The IPI score is frequently applied to predict the prognosis of patients with DLBCL. Here, we used the IPI score to divide patients into IPI ≤ 3 or IPI > 3 groups; as presented in Figure 5, patients with IPI ≤ 3 had longer PFS and OS than those with IPI > 3, the 2-year PFS rates were 60.5% (IPI > 3 patients) and 42.3% (IPI ≤ 3 patients), respectively (p = 0.021); the 2-year OS rates were 71.5% (IPI > 3 patients) and 49.2% (IPI ≤ 3 patients), respectively (p = 0.001).

FIGURE 5

FIGURE 5. Kaplan-Meier survival curve of PFS and OS for elderly patients with DLBCL stratified by IPI score. The 2-year PFS rates were 60.5% (IPI score ≤ 3) and 42.3% (IPI score > 3), respectively, p = 0.021; the 2-year OS rates were 71.5% (IPI score ≤ 3) and 49.2% (IPI score > 3), respectively, p = 0.001.

In addition, we performed univariate and multivariate analyses in this study. From the univariate analysis results (Supplementary Table S1), an ECOG score ≥ 2 (p = 0.015), Ann Arbor stage III/IV (p = 0.012), IPI score > 3 (p = 0.005), and treatment without rituximab (p = 0.002) were significantly associated with inferior PFS. And extranodal disease involvement more than 1 site (p = 0.039), ECOG score ≥ 2 (p = 0.002), IPI score > 3 (p = 0.001) and treatment without rituximab (p = 0.000) were associated with inferior OS. Regarding the impact of GCB (germinal center B-cell like) and non-GCB subtypes on survival, we found no statistical significance for PFS and OS in this cohort.

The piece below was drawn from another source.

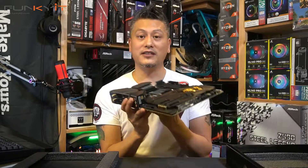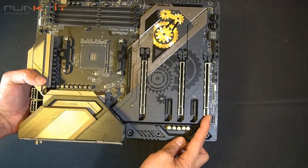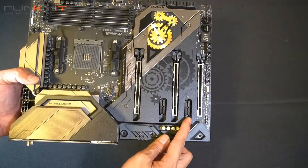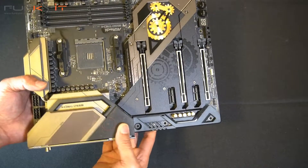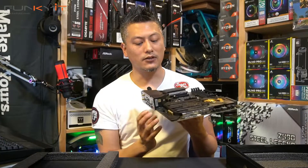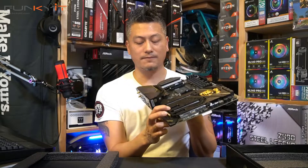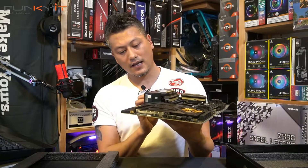Moving on to the PCIe slots — we have three PCIe 4 x16 slots supporting three-way AMD Crossfire. There are also two PCIe x4 slots.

In multivariate analyses, Ann Arbor stage III/IV was significantly related to worse PFS, HR 1.640 (95% CI: 1.031–2.610, p = 0.037); chemotherapy dose reduction was associated with poorer OS, HR 1.825 (95% CI: 1.056–3.154, p = 0.031); and use of rituximab was related to OS benefit, HR 0.455 (95% CI: 0.264–0.785, p = 0.005) (Table 4, 5).

TABLE 4

TABLE 4. Multivariate analysis of PFS in patients with DLBCL (n=239).

TABLE 5

TABLE 5. Multivariate analysis of OS in patients with DLBCL (n=239).

Toxicity

A total of 187 patients were available for the analysis of treatment-related toxicity. The most common adverse effects in this study were hematological toxicities, which accounted for 90.4%, including anemia (78.1%), leukopenia (79.7%), neutropenia (68.4%), and thrombocytopenia (31.6%) (Table 6). Additionally, nausea, vomiting, and hypoalbumin were observed in most patients. Leukopenia was the most common ≥ grade 3 event; neutropenia and febrile neutropenia occurred also in 51.9% of the patients (Table 6).

TABLE 6

TABLE 6. Summary of treatment-related adverse events (n=187).

Discussion

To our knowledge, this is the largest case series to date reporting the clinical features and survival outcomes in patients with DLBCL aged ≥70 years in China. In this study, the 2-year PFS rate was 53.0% and 2-year OS rate was 65.5% for this population. The most common adverse effects were hematological toxicities, accounting for 90.4%, and leukopenia was the most frequently observed ≥ grade 3 event. Compared to a previous study reported in China, our data presented a significantly improved 5-year OS rate, which may attributed to the widespread use of rituximab, adoption of supportive therapy after chemotherapy, such as application of granulocyte colony-stimulating factor (G-CSF), and patient education, all together contributed to improve the survival of patients with DLBCL.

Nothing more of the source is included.